Talking Point 6: Tracking: Why Schools Need to Take Another Route by Jeannie Oakes

Premise:
• Ability of students
• Marginalizing students
• Grouping of children
• Accomplishment
• Uneven Opportunities
• Unfair Advantages
• Uncomfortable in class
• Average students left out
• Cognitive tests showing learning over time
• Tracking students in unnecessary
• Mastering of skills speedily
• Active learning
• Complications in Work
• ‘Real World’ Problem Solving
• Changes to the School Systems
• Test scores unreliable

Author’s Argument:
Oakes argues that by just judging students’ abilities based on test scores is an inefficient way of measuring a student’s learning ability and new methods need to be employed in the classroom to assure that all students are given equal learning opportunities by allowing for all students to be challenged.

Evidence:
1. “One fact about tracking is unequivocal: tracking leads to substantial differences in the day-to-day learning experiences students have at school.”
2. “For example, in average classes, many teachers expected relatively little of students. They established set routines of lecturing and doing worksheets, held time and workload demands (both in class and for homework) to a minimum, accepted and sometimes even encouraged distractions and rarely asked students to think deeply or critically.”
3. “Recent work of cognitive psychologists suggests, for example that academic ability is not unchangeable but developmental and grows throughout childhood.”
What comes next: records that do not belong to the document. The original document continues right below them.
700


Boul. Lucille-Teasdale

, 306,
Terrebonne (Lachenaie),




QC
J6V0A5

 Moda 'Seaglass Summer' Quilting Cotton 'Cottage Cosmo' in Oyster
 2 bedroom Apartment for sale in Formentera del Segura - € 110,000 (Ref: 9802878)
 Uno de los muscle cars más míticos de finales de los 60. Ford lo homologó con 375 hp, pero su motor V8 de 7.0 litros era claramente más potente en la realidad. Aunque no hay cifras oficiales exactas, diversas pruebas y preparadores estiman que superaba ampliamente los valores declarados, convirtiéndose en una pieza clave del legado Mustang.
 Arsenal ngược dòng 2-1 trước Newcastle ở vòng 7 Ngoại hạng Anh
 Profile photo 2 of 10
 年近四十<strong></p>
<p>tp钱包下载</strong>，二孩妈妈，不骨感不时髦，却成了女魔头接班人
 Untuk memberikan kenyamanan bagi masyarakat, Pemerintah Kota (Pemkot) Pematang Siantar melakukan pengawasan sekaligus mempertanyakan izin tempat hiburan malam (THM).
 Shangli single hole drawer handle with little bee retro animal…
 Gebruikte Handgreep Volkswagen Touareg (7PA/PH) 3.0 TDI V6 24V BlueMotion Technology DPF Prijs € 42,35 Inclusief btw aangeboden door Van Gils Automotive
Questions/Comments/ Point to Share:
Oakes’ article brought forth an argument that many students are not all given the same opportunities to succeed in life. Some of the more precocious children are given the advantage over others when it comes to teachers and resources giving them a chance to be much more successful. The article, overall, was an easy read and made a direct point that something needs to be done in order to eliminate the unfair academic treatment taking place in many public schools throughout the country. It relates to other texts that we have read because it talks of a progressive movement for action and awareness regarding the unfair advantages that some students gain. It is something that Johnson would wholeheartedly agree with the problem needs to be brought out into the open and needs to be discussed.

1 comment:

Dr. Lesley Bogad said...

How did you make sense of this argument in light of your personal experience? Did tracking impacts your own opportunities, for better or for worse?